# Work order
I need the lines below from the one with "Street Outlaws 2 Winner Takes All Ps4" down to the one with "Sparkle & Co." reproduced exactly, both ends included, and nothing else.
[[ The data open ]]
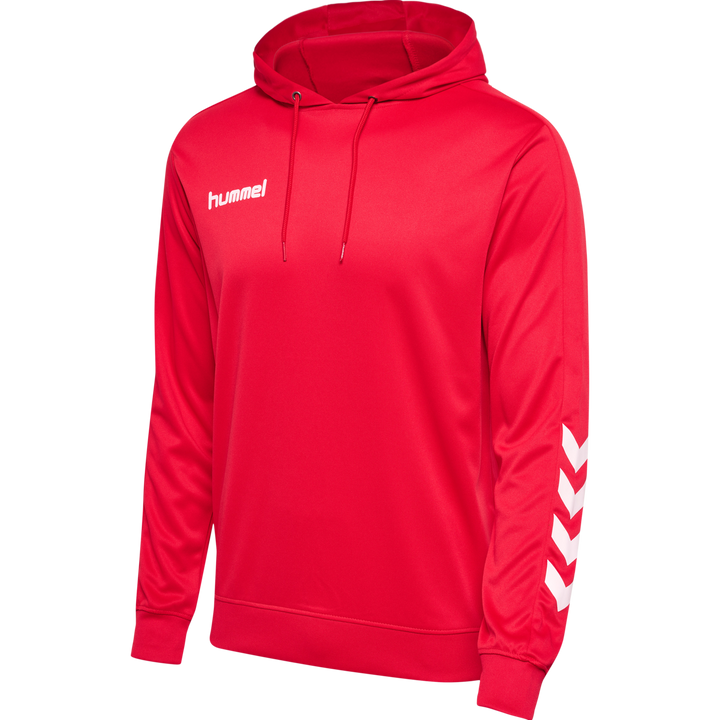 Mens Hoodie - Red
[[ The data closed ]]
[[ The data open ]]
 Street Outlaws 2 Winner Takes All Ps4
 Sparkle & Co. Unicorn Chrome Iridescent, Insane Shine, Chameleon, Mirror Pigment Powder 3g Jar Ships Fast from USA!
[[ The data closed ]]
# Task result
 Street Outlaws 2 Winner Takes All Ps4
 Sparkle & Co. Unicorn Chrome Iridescent, Insane Shine, Chameleon, Mirror Pigment Powder 3g Jar Ships Fast from USA!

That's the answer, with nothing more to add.